A method (10) for the recovery of nickel and cobalt from leach solutions in the presence of iron and/or chrome, the method comprising the steps of: i) adding a reductant (13) to a leach solution containing nickel, cobalt and iron, such that any iron present as ferric sulphate is reduced to ferrous sulphate and/or any hexavalent chrome is reduced to trivalent chrome; ii) neutralising (14) at least a portion of the free acid through addition of a neutralising agent; iii) further addition of the reducing agent (15) to ensure all iron present remains in the ferrous form and/or any chrome remains in the trivalent form; iv) heating the solution prior to mixed sulphide precipitation; v) adding a mixed sulphide seed (21) and hydrogen sulphide (22) to effect precipitation (20) of the nickel and cobalt in the form of a mixed sulphide product (24); and vi) maintaining this mixture in the presence of hydrogen sulphide (22) for the required residence time to effect complete precipitation of the mixed sulphide product (24).

Description

"Method for the Precipitation of Nickel"
Field of the Invention
The present invention relates to a method for the precipitation of nickel. More particularly, the present invention is a hydrometallurgical method for the preferential precipitation of nickel and cobalt sulphides from solutions containing iron and/or chrome. Additionally, the method is intended to substantially avoid the formation of sulphide scale during the precipitation process.
Background Art
Nickel and cobalt are typically recovered from leach solutions by contacting the pregnant liquors with a suitable reductant such as hydrogen sulphide.
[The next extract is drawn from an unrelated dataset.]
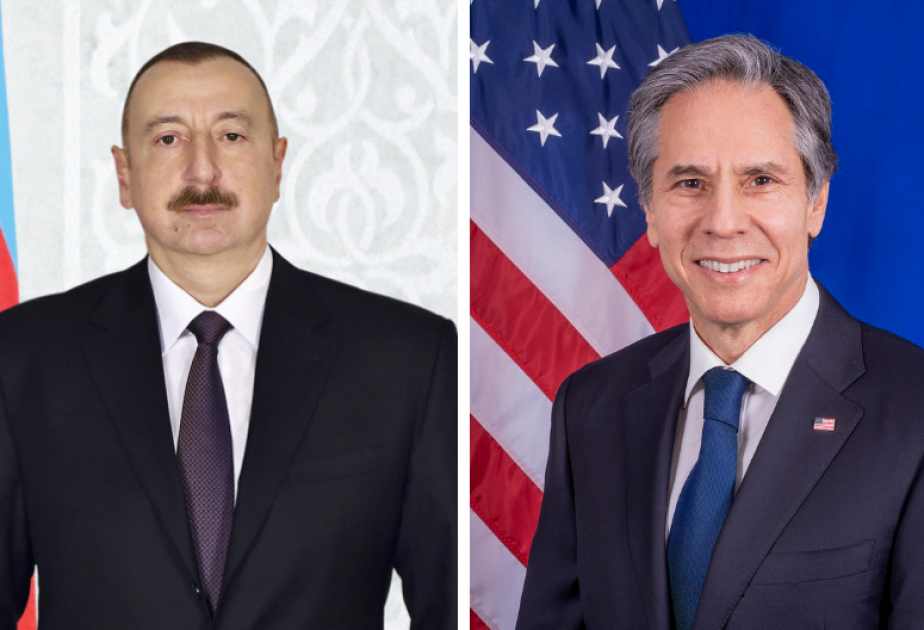 美国国务卿安东尼·布林肯致电阿塞拜疆总统伊利哈姆·阿利耶夫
It is known that iron and chrome will tend to co-precipitate as a sulphide under conventional hydrogen sulphide precipitation conditions. Such co-precipitation is undesirable for the detrimental effect on product quality and the demands placed on downstream processing of the mixed sulphide product.
In metallurgical circuits incorporating the high pressure acid leaching of nickel laterites, iron is most often rejected as a ferric oxyhydroxide (typically as a goethite) and as a hematite product . In some situations iron is also rejected as a jarosite product.
Unfortunately, the rejection of iron as a ferric oxyhydroxide results in significant co-precipitation of the valuable nickel and cobalt products. This either results in metallurgical losses or necessitates the reprocessing of the iron residue in order to recover the valuable nickel and cobalt.
Hematite is the most acceptable iron product for intermediate storage or disposal, because of its high thermodynamic stability, its high density (4.9 to 5.3 g/cm3), its high iron content (60% - 70%) and its low adsorption of water and base metals. However, the rejection of iron as a hematite product in the high pressure acid leaching processes used for nickel laterites necessitates the use of temperatures in the order of 25O0C and pressures in the order of 45 Bar. This process by its very nature involves capital intensive equipment which is itself expensive to maintain and has associated high operating costs.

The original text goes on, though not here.